Часть 31 из 33 В начало
Для доступа к библиотеке пройдите авторизацию
– Позвольте, государь мой, но как же ваша семья? Они по-прежнему еще в Далматовском монастыре?
– А что семья? – отмахнулся доктор. – Подождут-с! Варвара у меня с понятием. Я давеча подготовил для нее письмецо, в котором подробно изложил события последних дней и заодно уведомил, что дела принуждают меня совершить кратковременный вояж к губернскому полицмейстеру.
Вадим Сергеевич похлопал себя по нагрудному карману, в котором, очевидно, и находилось письмо.
– Вы, друг мой, чрезмерно меня обяжете, если по пути домой завернете ненадолго в монастырь и передадите настоятелю мое послание. Если только вас не затруднит сия маленькая просьба?
– Ничуть. Но, что вам делать в полиции? Неужели, вы желаете подать частную жалобу на Антона Никодимовича?
– А вы, Иван Карлович, думали, что я стану терпеть произвол и пренебрежение своими прямыми обязанностями?
– Помилуйте, да что он вам такого сделал!
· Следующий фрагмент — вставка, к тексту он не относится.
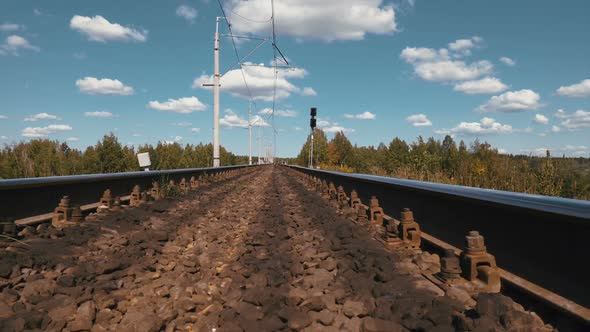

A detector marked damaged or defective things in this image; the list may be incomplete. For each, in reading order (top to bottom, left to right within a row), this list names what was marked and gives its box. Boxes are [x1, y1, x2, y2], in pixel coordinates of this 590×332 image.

rusty rail [290, 165, 590, 330]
Подумаешь, отказался учинить следствие по вопросам злоупотребления крепостным правом. Что с того? Его сиятельство, царство ему небесное, так или иначе, понес заслуженную кару. Не по земному закону, так по закону Божьему!
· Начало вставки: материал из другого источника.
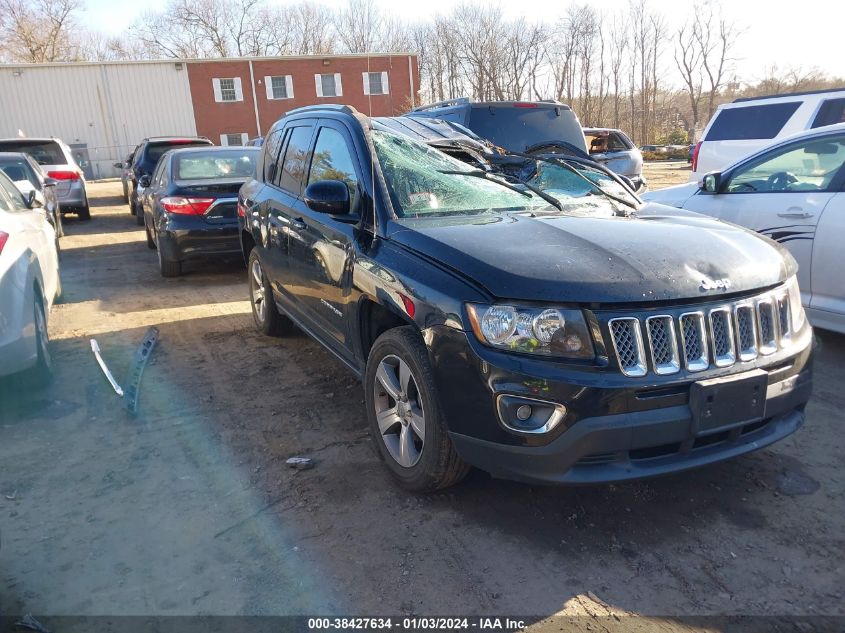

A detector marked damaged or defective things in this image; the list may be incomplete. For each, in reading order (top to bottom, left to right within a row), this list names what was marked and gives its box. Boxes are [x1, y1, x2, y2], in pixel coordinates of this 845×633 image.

shattered windshield [372, 128, 552, 217]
Доктор гневно сверкнул глазами из-под пенсне.
– Теологические диспуты оставим богословам. Меня, в первую очередь, интересует справедливость мирская. Здешняя!
Фальк философски пожал плечами.
– Стоило ли портить отношения с приставом ради сомнительного удовольствия пнуть мертвого льва? При всем уважении, ваше благородие, никогда не понимал людей, рискующих своим положением во имя некой абстрактной идеи.
Доктор поместил трость между коленями, сомкнул на набалдашнике пальцы обеих рук и уперся в них подбородком. С минуту или две он задумчиво молчал, покачивая седеющей головой в такт движению брички, затем с достоинством произнес:
– Для меня, Иван Карлович, человеческое достоинство – не пустой звук! Каждый из нас – это целая вселенная! Я всю свою сознательную жизнь положил на то, что бы эта абстрактная, как вы изволили выразиться, идея хоть для кого-то стала реальностью.
Фехтмейстер задумчиво молчал.
– Я с детства не выношу скотства. На тупость власть предержащих отвечаю неистовством! Так уж воспитан, за что бесконечно благодарен своим родителям. Вы же видите, друг мой, как низко пали в наше время русские помещики. Арсентьев тому ярчайший, но далеко не единственный пример. Разве можно оставить все как есть? Очнитесь же, наконец, ото сна! Нужно немедленно что-то менять!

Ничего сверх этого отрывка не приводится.